Two pieces of news about Azure AD have been circulating the internet for the past few days, causing quite a stir. They say:
MFA by text and voice calls seems to be going away on July 10 2023.
However, there seems to be a lack of clear information from Microsoft regarding the elimination of SMS and voice calls auth methods using registration campaign in Azure AD. But the message center news has not provided any definitive statements! Adding to the confusion – there bombed another contrasting news from Microsoft that,
Introducing Voice One Time Password (OTP) – An improved version of our voice call method starting in August 2023!
Looks like great confusion, right? Two contrasting news (MC584364 & MC611686) from Microsoft, but not even well and clear! So, I just got my hands on the initial claim and analyzed whether it is indeed true or not? 🤔 Therefore, I have done an analysis to shed some light on the matter, and here’s the breakdown.
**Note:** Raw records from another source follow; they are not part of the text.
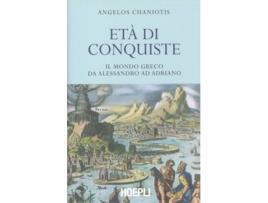 Livro Età Di Conquiste de Angelous Chaniotis (Italiano)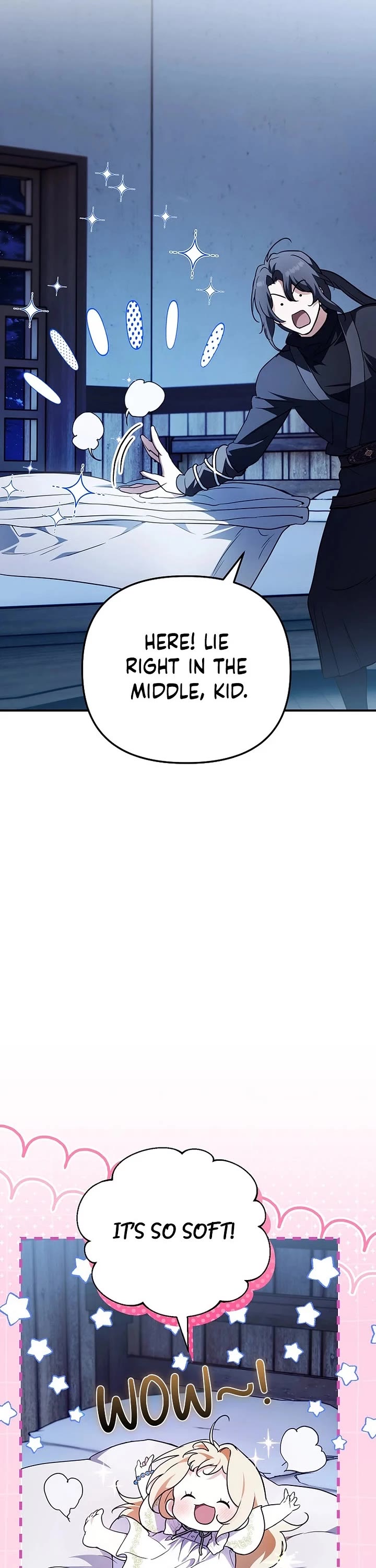A Secretly Capable Child Is Seeking For Her Dad chapter 38 page 16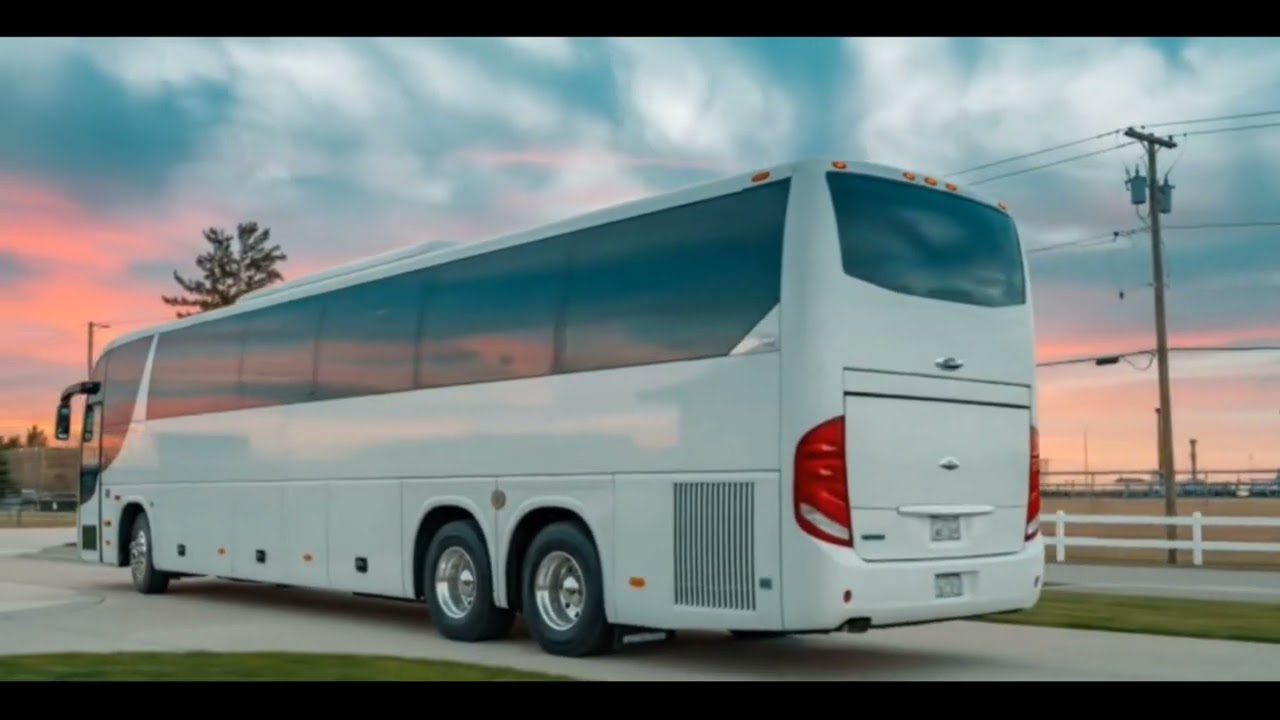 Atlanta Charter Bus Rentals for Any Group or Occasion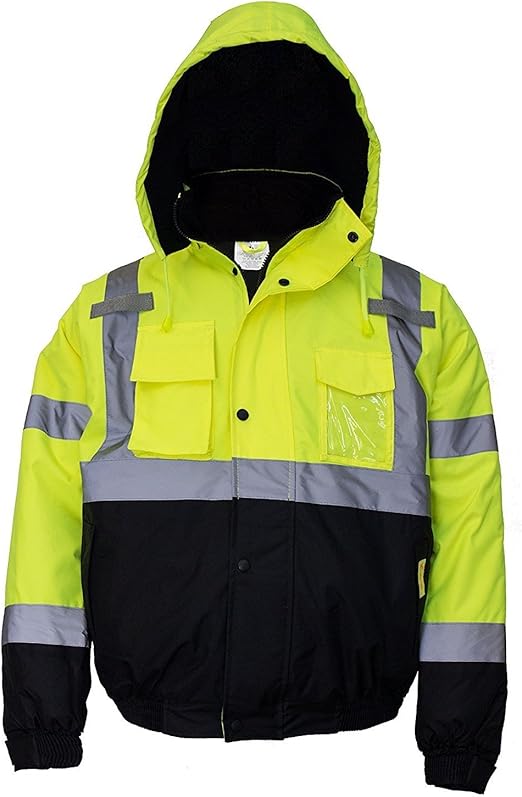 safety jacket amazon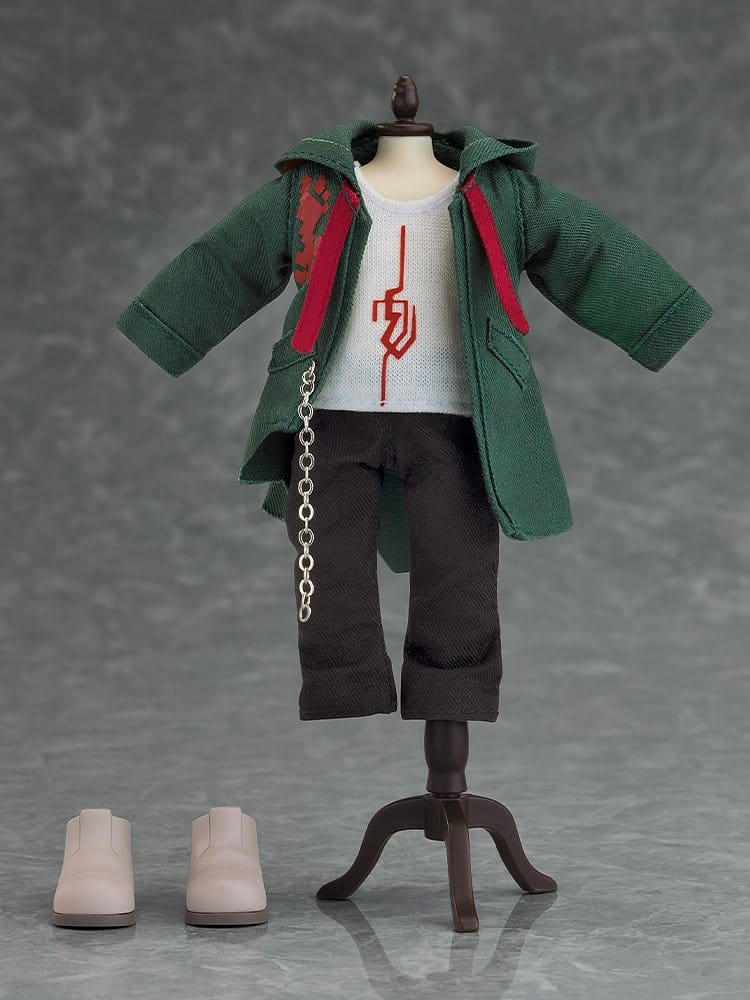 Danganronpa 2x2 Nendoroid Doll Nagito Komaeda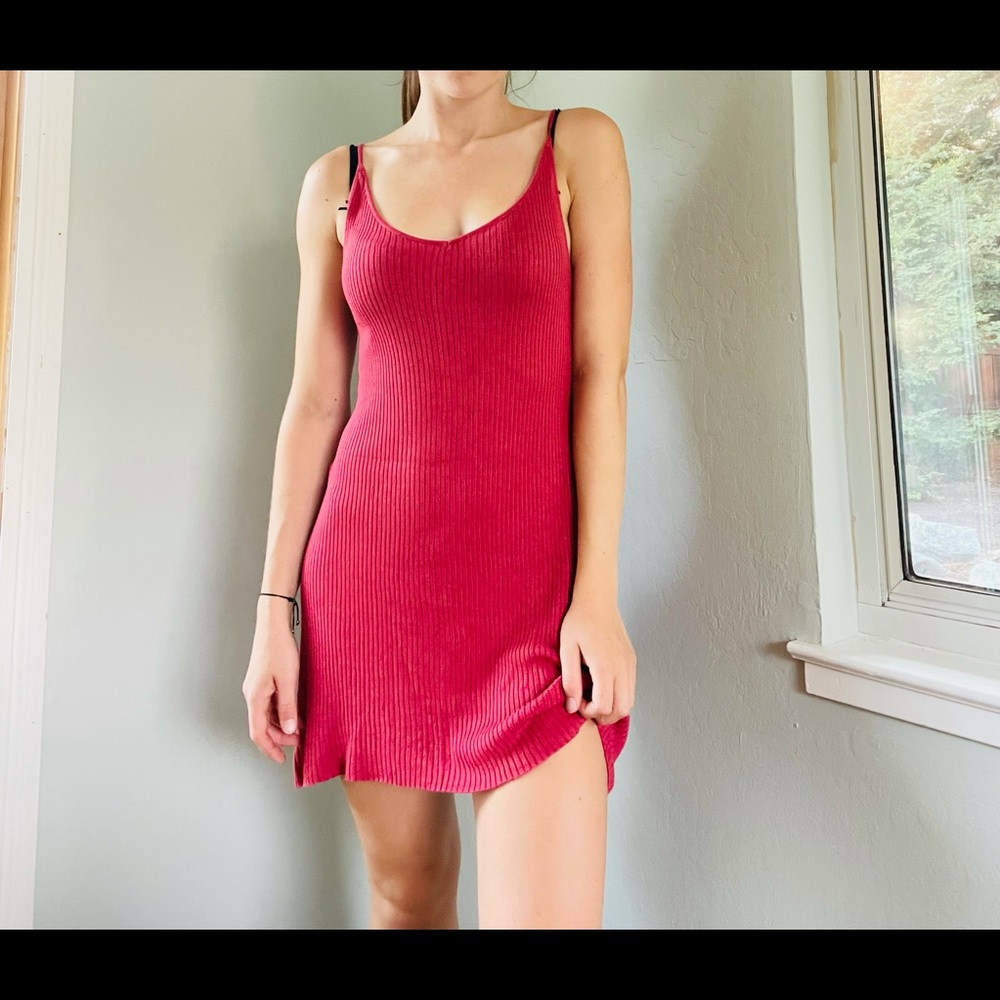 Dress from Europe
Changes to the Registration Campaign in Azure AD
What really is “registration campaign in Azure AD”? Confused? Let’s see a clear breakdown below.
Basically, registration campaign in Azure AD are all about pushing your Microsoft 365 users to set up Microsoft Authenticator during the sign-in process. When a user authenticates with weak auth methods such as SMS/voice calls, they will be immediately prompted to set up Microsoft Authenticator if they are under this campaign.
It’s like a digital wake-up call, pushing them toward a more secure authentication experience!
⚠️Big news, Now Microsoft is shaking things up with an update! In the message center news numbered MC584364, Microsoft has made an update to the registration campaign in the Azure AD feature.
Starting from July 10th, 2023, the registration campaign enables the support to move from SMS and voice call authentication methods.
- With this update, users within your organization who currently rely on SMS and voice calls for MFA will be prompted to set up Microsoft Authenticator during the sign-in process. If you have a favorite third-party identity provider, you can now use it to meet MFA requirements with the new external authentication method support in Microsoft Entra.
Note: But wait, I must give you a heads-up. Microsoft has recently removed specific news from the message center. But MS has confirmed this news about registration campaign in Azure AD in their official doc. Trustworthy sources, right? (Image attached below)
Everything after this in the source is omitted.